▶ _Aim of the exercise_: Under this line are the records; write out word for word the part that begins at the line containing "Fashionable long legs" and ends at the line containing "A section of", and no more.

▶ _Saved data entries_:
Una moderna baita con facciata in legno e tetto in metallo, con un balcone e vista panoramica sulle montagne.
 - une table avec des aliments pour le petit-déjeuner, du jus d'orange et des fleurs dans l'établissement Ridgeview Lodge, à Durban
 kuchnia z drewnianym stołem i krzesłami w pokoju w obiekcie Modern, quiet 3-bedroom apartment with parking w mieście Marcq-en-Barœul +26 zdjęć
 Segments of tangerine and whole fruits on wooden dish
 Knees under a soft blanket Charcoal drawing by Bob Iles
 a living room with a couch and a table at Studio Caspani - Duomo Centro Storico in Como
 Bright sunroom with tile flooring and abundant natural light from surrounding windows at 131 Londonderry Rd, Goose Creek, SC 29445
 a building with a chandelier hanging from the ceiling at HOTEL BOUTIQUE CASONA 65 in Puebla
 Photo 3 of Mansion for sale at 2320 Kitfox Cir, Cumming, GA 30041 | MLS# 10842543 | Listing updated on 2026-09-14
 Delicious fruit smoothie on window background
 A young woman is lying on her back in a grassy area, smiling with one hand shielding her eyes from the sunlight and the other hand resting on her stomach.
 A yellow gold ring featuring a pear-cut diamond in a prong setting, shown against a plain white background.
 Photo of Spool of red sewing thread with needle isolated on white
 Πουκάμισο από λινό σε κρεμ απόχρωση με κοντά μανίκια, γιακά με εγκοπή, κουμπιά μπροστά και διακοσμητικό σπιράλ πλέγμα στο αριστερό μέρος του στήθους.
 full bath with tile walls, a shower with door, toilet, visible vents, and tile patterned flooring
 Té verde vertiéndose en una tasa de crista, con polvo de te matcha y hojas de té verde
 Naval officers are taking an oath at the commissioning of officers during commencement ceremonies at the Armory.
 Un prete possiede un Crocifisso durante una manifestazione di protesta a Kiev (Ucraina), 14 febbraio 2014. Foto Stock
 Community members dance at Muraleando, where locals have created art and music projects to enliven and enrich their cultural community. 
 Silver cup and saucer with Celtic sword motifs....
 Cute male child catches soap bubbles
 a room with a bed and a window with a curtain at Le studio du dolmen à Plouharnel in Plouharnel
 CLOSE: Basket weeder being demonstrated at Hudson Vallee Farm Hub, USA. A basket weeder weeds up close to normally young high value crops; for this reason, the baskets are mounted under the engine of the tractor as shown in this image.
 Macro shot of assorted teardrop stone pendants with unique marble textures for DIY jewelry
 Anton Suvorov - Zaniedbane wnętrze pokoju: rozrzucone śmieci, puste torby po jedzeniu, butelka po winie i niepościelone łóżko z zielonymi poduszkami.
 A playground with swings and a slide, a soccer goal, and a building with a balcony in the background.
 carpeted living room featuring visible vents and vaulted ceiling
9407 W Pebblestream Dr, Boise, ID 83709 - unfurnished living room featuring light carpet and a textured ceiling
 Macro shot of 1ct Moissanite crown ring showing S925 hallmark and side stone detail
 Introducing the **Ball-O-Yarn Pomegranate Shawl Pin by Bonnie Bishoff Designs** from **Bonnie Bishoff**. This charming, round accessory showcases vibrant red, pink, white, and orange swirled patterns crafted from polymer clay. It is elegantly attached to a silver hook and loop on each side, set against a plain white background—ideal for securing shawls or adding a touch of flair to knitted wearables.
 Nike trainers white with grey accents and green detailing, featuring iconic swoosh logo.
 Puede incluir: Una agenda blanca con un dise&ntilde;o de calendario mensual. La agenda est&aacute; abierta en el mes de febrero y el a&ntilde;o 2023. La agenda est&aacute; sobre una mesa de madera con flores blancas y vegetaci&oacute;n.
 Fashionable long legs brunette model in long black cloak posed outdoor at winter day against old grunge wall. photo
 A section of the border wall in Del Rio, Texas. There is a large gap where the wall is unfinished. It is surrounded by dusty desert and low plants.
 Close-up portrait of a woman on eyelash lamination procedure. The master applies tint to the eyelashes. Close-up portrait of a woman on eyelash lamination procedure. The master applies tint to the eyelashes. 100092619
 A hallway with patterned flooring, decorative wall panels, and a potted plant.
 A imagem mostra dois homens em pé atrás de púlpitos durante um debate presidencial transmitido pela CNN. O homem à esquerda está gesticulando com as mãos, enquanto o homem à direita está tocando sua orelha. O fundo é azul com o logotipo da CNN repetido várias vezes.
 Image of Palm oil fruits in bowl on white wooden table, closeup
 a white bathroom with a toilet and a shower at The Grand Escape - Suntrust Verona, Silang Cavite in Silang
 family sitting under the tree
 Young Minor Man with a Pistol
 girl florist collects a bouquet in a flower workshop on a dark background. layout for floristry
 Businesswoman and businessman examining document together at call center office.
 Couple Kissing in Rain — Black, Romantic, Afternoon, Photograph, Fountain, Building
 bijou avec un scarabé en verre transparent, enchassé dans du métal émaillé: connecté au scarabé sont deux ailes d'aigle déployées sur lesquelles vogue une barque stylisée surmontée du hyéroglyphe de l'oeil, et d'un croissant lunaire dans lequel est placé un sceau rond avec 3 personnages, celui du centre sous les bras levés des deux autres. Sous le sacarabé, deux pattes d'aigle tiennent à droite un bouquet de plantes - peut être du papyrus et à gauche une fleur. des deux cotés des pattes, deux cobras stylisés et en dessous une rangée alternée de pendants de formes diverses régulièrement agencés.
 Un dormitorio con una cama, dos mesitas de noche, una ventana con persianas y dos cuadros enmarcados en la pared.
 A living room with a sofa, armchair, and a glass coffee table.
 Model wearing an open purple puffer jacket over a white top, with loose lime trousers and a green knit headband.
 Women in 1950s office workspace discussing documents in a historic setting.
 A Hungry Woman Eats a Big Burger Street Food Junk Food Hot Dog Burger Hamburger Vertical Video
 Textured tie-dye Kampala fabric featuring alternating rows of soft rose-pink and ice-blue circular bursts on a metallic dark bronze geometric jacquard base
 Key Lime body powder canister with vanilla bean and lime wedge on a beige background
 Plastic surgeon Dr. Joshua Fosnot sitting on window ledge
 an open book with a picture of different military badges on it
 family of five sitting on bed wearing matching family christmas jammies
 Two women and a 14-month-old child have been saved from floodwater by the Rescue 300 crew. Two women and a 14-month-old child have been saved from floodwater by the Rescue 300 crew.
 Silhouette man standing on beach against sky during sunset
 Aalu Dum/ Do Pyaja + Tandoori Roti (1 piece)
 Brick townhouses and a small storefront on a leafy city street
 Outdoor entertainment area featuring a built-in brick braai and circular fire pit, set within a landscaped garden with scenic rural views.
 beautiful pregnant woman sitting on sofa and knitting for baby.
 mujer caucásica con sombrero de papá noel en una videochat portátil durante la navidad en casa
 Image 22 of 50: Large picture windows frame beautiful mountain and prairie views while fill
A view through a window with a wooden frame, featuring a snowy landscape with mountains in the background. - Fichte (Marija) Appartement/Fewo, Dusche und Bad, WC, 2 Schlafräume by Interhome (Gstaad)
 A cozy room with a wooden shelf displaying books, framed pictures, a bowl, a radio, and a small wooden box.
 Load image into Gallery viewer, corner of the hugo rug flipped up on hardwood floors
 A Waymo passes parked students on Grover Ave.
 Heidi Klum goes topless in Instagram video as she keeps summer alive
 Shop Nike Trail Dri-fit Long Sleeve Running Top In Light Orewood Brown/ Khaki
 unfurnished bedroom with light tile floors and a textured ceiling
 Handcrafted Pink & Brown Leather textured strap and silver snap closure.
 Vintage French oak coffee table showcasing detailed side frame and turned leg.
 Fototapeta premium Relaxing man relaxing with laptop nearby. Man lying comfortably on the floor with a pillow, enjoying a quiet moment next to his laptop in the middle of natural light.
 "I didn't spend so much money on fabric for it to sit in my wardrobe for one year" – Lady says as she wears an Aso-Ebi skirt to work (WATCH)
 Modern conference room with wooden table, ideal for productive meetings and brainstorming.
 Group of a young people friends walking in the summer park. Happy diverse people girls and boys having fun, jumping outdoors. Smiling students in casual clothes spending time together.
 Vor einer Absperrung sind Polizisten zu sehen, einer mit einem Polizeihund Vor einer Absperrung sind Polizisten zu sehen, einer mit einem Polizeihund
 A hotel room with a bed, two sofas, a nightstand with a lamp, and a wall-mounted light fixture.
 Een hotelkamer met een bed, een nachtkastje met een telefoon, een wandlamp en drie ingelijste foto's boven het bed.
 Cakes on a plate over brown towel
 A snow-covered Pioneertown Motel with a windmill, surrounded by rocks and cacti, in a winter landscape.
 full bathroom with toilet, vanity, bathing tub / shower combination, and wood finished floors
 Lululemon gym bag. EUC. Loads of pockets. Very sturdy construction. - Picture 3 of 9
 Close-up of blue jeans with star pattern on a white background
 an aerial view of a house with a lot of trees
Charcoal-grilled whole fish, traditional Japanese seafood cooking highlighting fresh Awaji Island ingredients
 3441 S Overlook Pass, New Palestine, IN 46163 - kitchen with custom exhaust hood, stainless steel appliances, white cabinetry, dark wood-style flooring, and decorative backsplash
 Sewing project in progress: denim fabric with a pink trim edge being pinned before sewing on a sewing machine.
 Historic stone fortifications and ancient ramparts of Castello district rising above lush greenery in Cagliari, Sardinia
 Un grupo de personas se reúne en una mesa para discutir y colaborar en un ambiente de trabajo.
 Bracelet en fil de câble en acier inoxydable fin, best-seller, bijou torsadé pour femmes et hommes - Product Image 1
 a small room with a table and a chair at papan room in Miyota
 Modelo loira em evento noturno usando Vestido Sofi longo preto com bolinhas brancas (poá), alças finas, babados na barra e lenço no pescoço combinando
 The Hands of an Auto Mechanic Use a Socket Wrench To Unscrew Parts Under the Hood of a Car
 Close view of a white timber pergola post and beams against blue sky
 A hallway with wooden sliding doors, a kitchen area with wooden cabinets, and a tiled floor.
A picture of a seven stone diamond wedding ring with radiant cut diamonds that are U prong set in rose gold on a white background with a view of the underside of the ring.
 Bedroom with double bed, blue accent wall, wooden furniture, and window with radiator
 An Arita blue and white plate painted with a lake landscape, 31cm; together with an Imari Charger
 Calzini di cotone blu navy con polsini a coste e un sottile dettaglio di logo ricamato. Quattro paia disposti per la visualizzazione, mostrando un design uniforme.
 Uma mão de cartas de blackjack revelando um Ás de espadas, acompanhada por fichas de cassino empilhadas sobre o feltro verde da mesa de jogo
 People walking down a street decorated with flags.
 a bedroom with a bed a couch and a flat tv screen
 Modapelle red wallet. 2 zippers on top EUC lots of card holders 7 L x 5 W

▶ _Result of the task_:
 Fashionable long legs brunette model in long black cloak posed outdoor at winter day against old grunge wall. photo
 A section of the border wall in Del Rio, Texas. There is a large gap where the wall is unfinished. It is surrounded by dusty desert and low plants.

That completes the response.